(Beginning of Information given)
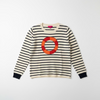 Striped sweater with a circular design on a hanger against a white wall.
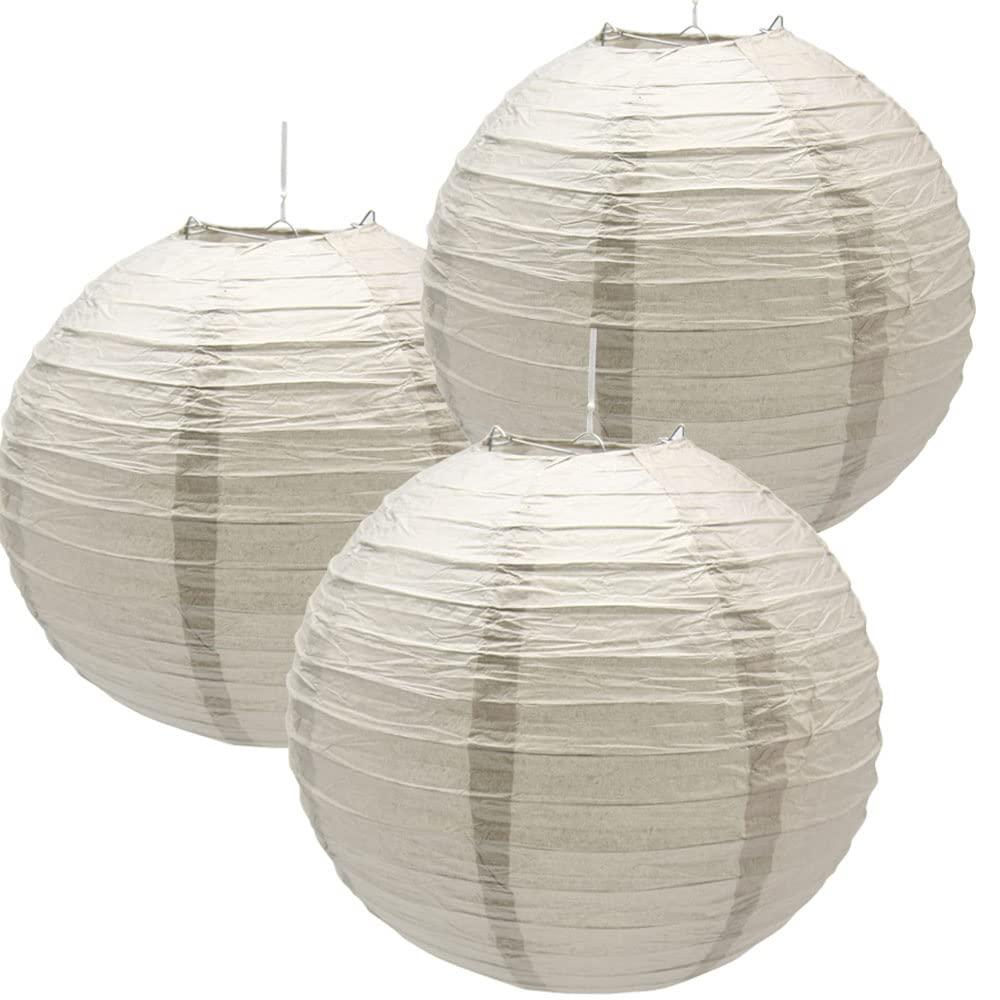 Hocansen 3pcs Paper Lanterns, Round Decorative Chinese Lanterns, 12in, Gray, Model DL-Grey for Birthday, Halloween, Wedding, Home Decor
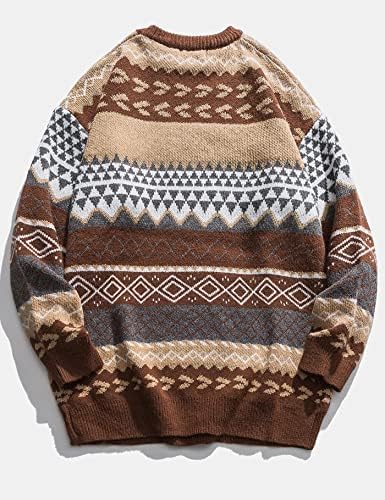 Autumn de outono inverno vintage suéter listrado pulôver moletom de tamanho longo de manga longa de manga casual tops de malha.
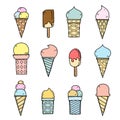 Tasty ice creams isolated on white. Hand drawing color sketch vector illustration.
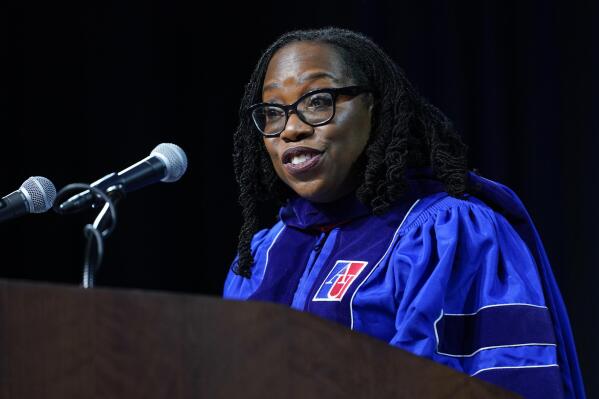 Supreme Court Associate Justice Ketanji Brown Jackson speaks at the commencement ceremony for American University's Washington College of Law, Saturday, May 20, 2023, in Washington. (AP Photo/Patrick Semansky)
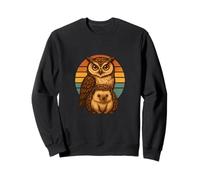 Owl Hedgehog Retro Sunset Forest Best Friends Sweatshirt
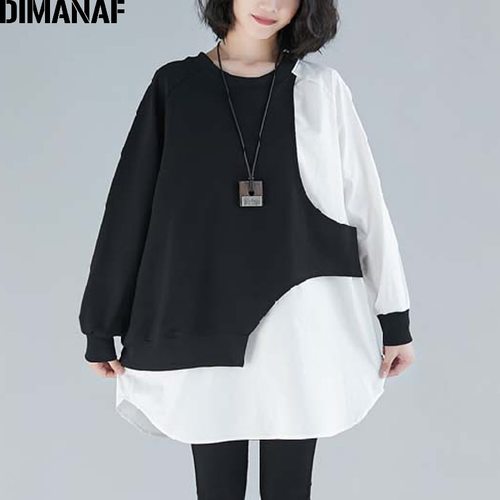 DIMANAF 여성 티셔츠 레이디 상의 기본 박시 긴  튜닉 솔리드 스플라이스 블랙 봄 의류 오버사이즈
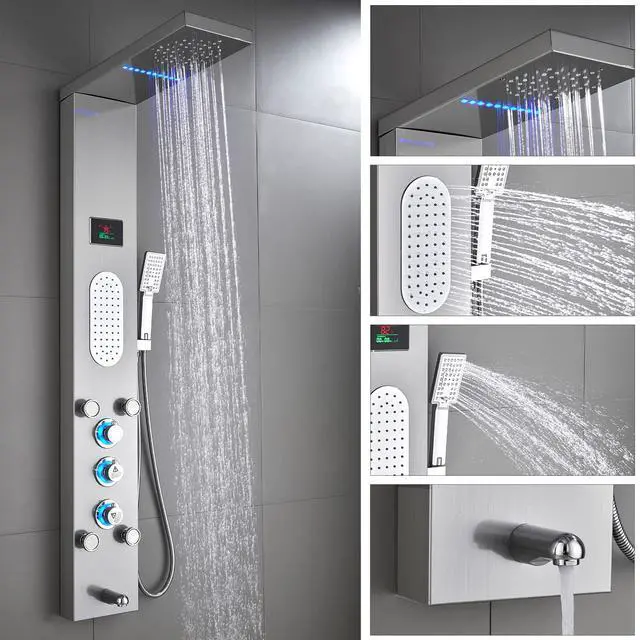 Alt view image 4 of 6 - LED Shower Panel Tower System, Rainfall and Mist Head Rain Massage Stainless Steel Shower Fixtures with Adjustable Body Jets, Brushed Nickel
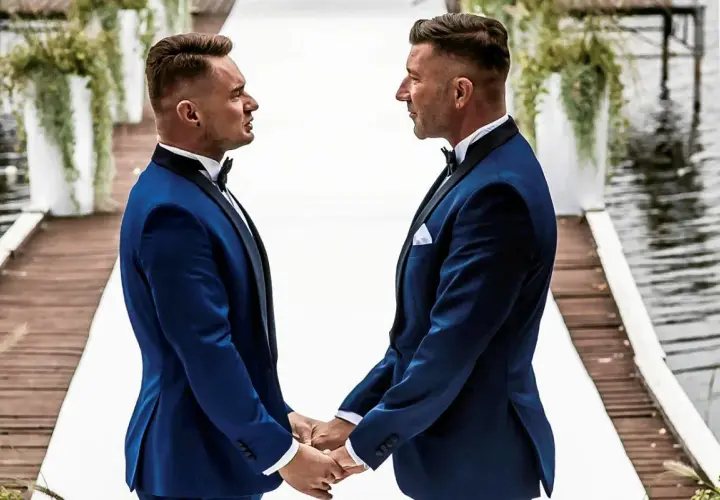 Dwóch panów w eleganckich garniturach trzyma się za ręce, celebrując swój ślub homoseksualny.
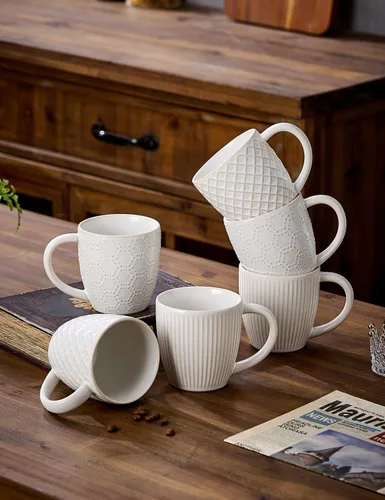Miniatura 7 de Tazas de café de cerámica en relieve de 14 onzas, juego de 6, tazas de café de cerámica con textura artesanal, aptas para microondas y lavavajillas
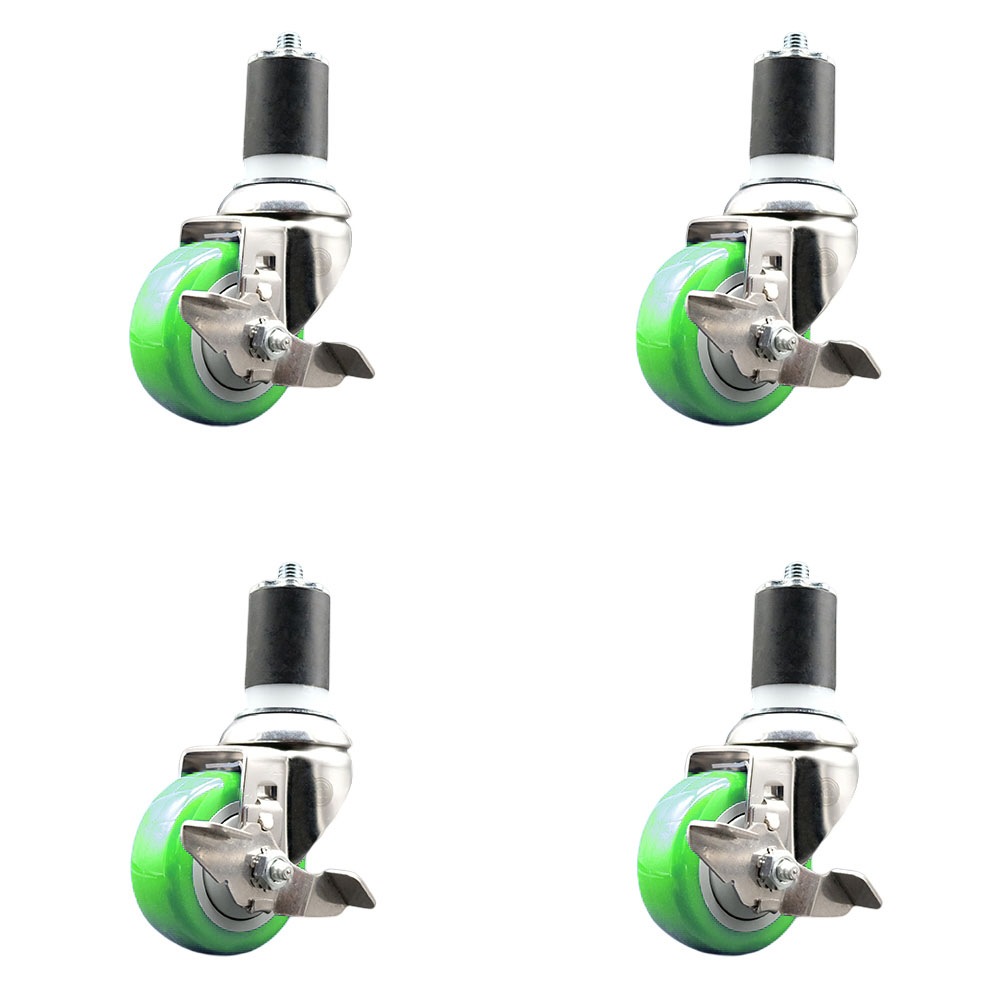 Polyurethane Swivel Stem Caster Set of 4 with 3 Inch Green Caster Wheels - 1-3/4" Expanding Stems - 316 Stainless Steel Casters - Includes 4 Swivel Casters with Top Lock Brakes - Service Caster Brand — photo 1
(End of Information given)
Task ::
Leave every picture out, and repeat exactly the lines from the one containing "Miniatura 7 de" through the last line of the entries, both ends included.

Finished task ::
Miniatura 7 de Tazas de café de cerámica en relieve de 14 onzas, juego de 6, tazas de café de cerámica con textura artesanal, aptas para microondas y lavavajillas
 Polyurethane Swivel Stem Caster Set of 4 with 3 Inch Green Caster Wheels - 1-3/4" Expanding Stems - 316 Stainless Steel Casters - Includes 4 Swivel Casters with Top Lock Brakes - Service Caster Brand — photo 1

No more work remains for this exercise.